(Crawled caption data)
-.-.-

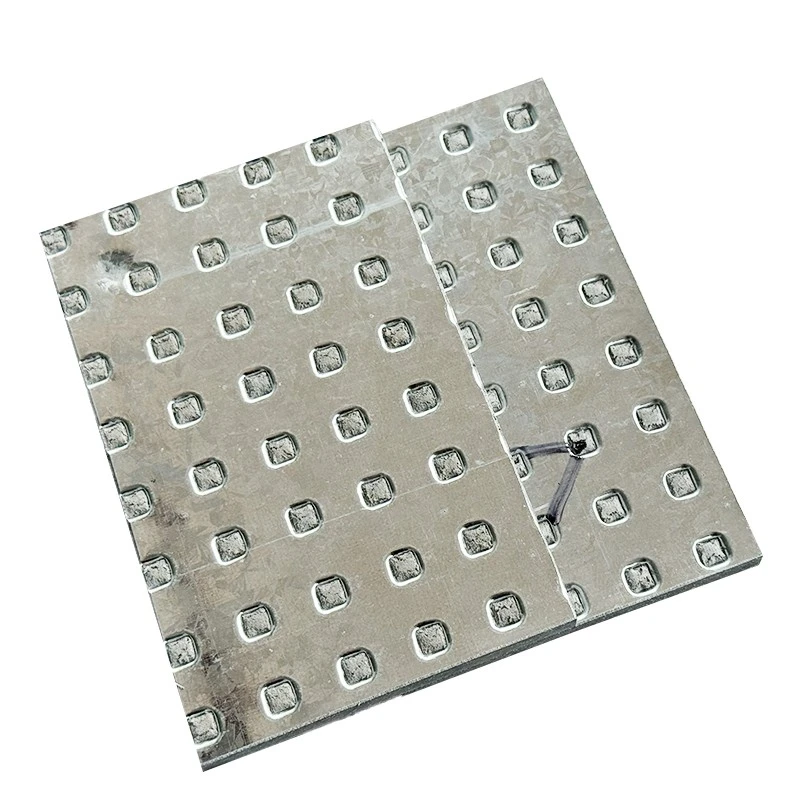 Fire-Rated Fiber Cement And Steel Composite Board best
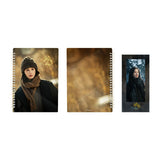 [Preorder 45 days] Dream (2026) Official Merch - Liu Shishi (Shen Yueshui) / Hu Xianxu (Gao Xuelin) Drama Stills Merch Collection | Acrylic Block Display / Artboard Print / Notebook / Film Strip Set
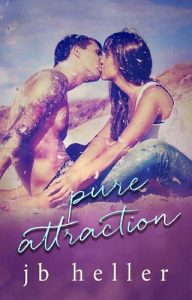 pure attraction, jb heller, epub, pdf, mobi, download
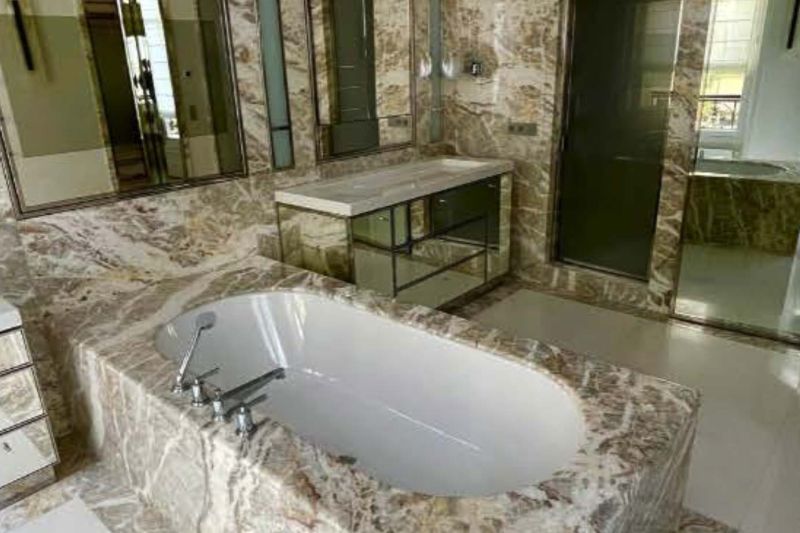 foto di: Creations for private residences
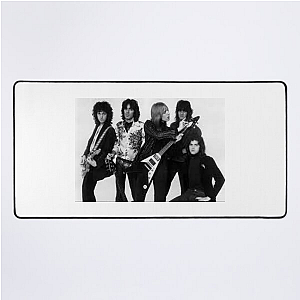 Tom Petty And The Heartbreakers Merch Collection Tom Petty And The Heartbreakers Mouse Pads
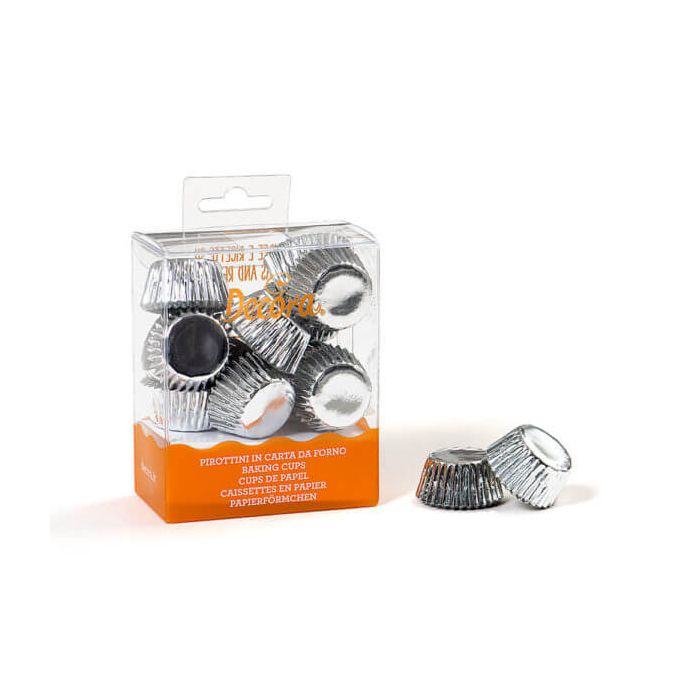 Pirottini Bon Bon Argento Pz.180 main product photo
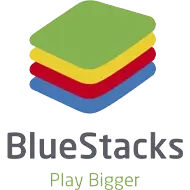 logo BlueStacks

-.-.-

Brief:
Transcribe, without alteration, each line from the one with "[Preorder 45 days]" through the last line of the data; no pictures belong in the copy.

Solution to this problem:
 [Preorder 45 days] Dream (2026) Official Merch - Liu Shishi (Shen Yueshui) / Hu Xianxu (Gao Xuelin) Drama Stills Merch Collection | Acrylic Block Display / Artboard Print / Notebook / Film Strip Set
 pure attraction, jb heller, epub, pdf, mobi, download
 foto di: Creations for private residences
 Tom Petty And The Heartbreakers Merch Collection Tom Petty And The Heartbreakers Mouse Pads
 Pirottini Bon Bon Argento Pz.180 main product photo
 logo BlueStacks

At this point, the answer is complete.